Roberto Debski mora em Santos, é médico formado pela Faculdade de Ciências Médicas de Santos e psicólogo formado pela Universidade Católica de Santos. É especialista em acupuntura e homeopatia pela Associação Médica Brasileira, pós graduado em Atenção Primária à Saúde e tem diversas formações em Práticas Integrativas e Complementares, Meditação, Constelações Familiares Sistêmicas, EMDR e Coaching. Com foco na saúde física, mental e Qualidade de Vida, estimula a mudança no comportamento, no estilo de vida e na consciência, a fim de melhorar os resultados dos tratamentos clínicos, dos relacionamentos interpessoais e do bem estar.

Práticas Integrativas e Complementares, ou Alternativas?

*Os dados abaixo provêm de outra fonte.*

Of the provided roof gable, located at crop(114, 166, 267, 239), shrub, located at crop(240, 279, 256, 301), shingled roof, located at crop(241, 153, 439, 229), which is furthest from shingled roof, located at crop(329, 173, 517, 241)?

O termo Terapias ou Alternativas está em desuso e não corresponde ao que existe de moderno na atualidade, sendo que hoje as denominamos de Práticas Integrativas e Complementares.
 
Antigamente chamada de terapia ou medicina alternativa, termo que significa opção por um e exclusão do outro, a Medicina Integrativa e Complementar modernizou-se, trabalha muito bem associando outros métodos de tratamento inclusive a medicina convencional, e assim atende à crescente demanda de saúde da população, de todas classes sociais e idades, que se encontra cada vez mais enferma.
 
A Medicina Integrativa faz parte de uma racionalidade médica derivada das medicinas tradicionais ou milenares, como a medicina chinesa, a Ayurvédica, e mais modernamente a homeopatia e terapias como a fitoterapia, a meditação, Ioga, massagens e outras. 
 
Acompanho há mais de trinta anos o crescimento da abordagem em saúde denominada Medicina (ou terapia) Integrativa e Complementar, da qual fazem parte as especialidades médicas acupuntura e homeopatia, e que na atualidade somam forças com a Medicina convencional, contemporânea ou alopática, no objetivo de proporcionar saúde e qualidade de vida para todos, além de diversas outras terapias como a meditação, Ioga, Constelações Familiares e diversas outras, somando 29 Práticas Integrativas e Complementares presentes no SUS, contempladas pela Política Nacional de Práticas Integrativas e Complementares (PNPIC), existente desde 2006.
 
E quais os benefícios das terapias alternativas?
 
A Medicina ou as Terapias Integrativas buscam ser a arte de curar que há muito foi perdida no tecnicismo e no olhar para o micro em detrimento do todo e do sistema.
 
Abordam a pessoa que adoeceu em sua totalidade, não somente olhando para a doença, mas para o todo.
 
Geralmente atuam de maneira natural, fortalecendo os mecanismos de defesa já existentes e somando forças aos tratamentos convencionais, em benefício das pessoas. 
 
As Medicinas Tradicionais como a homeopatia, acupuntura e Medicina Tradicional Chinesa e Ayurvédica levam em conta a singularidade de cada pessoa, a sua totalidade biopsíquica, os fatores sociais e biopatográficos, que causam a doença, e abordam individualmente a maneira de cuidar.
 
O objetivo não é somente tratar doenças, mas sim promover a saúde. 
 
O ideal não é tratar após a doença ter sido desencadeada, mas sim a prevenção. 
 
Quem deve buscar por terapias alternativas?
 
Qualquer pessoa pode buscar os tratamentos integrativos, nunca deixando de acompanhar seu médico de referência para discutir e trocar ideias a respeito de sua saúde e dos tratamentos indicados para cada doença.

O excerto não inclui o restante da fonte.